Conclusion: This study showed that childhood traumas may be a contributing factor to suicide probability and attempt in patients with OCD. Moreover, this study reveals that the current probability of suicide is a higher risk in OCD patients who had previously attempted suicide in the past.

INTRODUCTION

Obsessive-compulsive disorder (OCD) is a psychiatric disorder that usually follows a recurring pattern with repetitive obsessions and compulsions with functional impairment and worsening quality of life. OCD is the sixth most common mental disorder with a lifetime prevalence of 2.5% reported in the general population (1). When left untreated, obsessions and compulsions cause considerable distress to be time-consuming and have a significant negative impact on the sufferer’s interpersonal relationships and career, often resulting in isolation. Given the significant prevalence of OCD, its costs, its related impairments and its potential of lowering the quality of life, 38% to 89% of OCD patients do not seek or receive treatment for their symptoms (2-4).

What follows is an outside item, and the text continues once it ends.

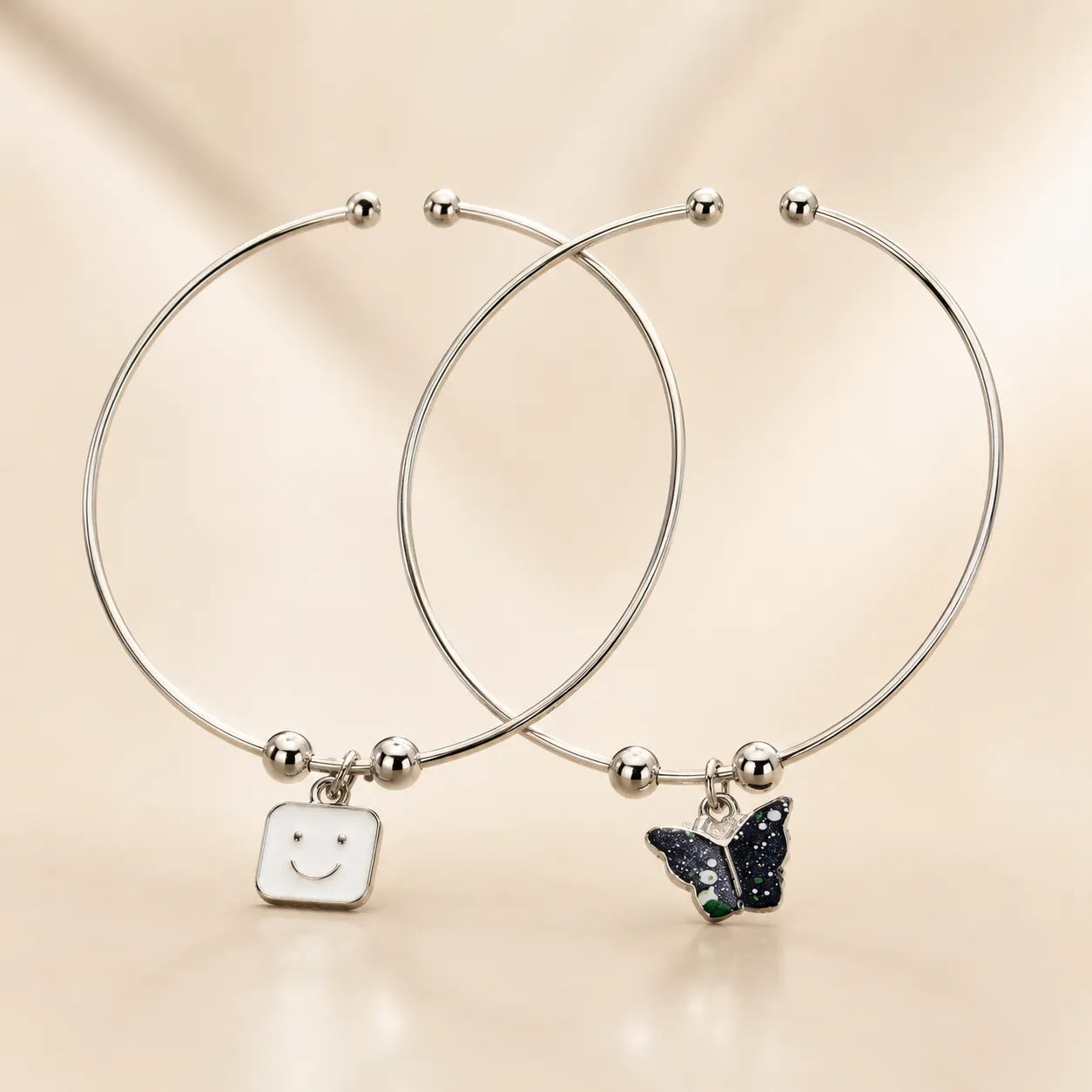 Silver smiley face and black butterfly enamel charm bangle bracelet set of 2 overlapping on beige background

Childhood traumas have been associated with significant neurobiological changes and are linked to several long-term harmful effects, including an increased risk of developing mental disorders such as posttraumatic stress, depressive, and anxiety disorders (5–8). In addition to these disorders, several studies have shown that OCD characterized by ego-dystonic, disturbing recurrent, anxiety-causing thoughts and repetitive behaviors or mental actions may be associated with childhood trauma (9-11). Brander et al. (11) showed that childhood traumas were a risk factor for OCD. Carpenter and Chung (12) found a higher rate of emotional neglect, emotional abuse, physical neglect, and physical abuse in OCD patients compared to controls. Caspi et al. (13) suggested a positive association between contact childhood sexual abuse and OCD.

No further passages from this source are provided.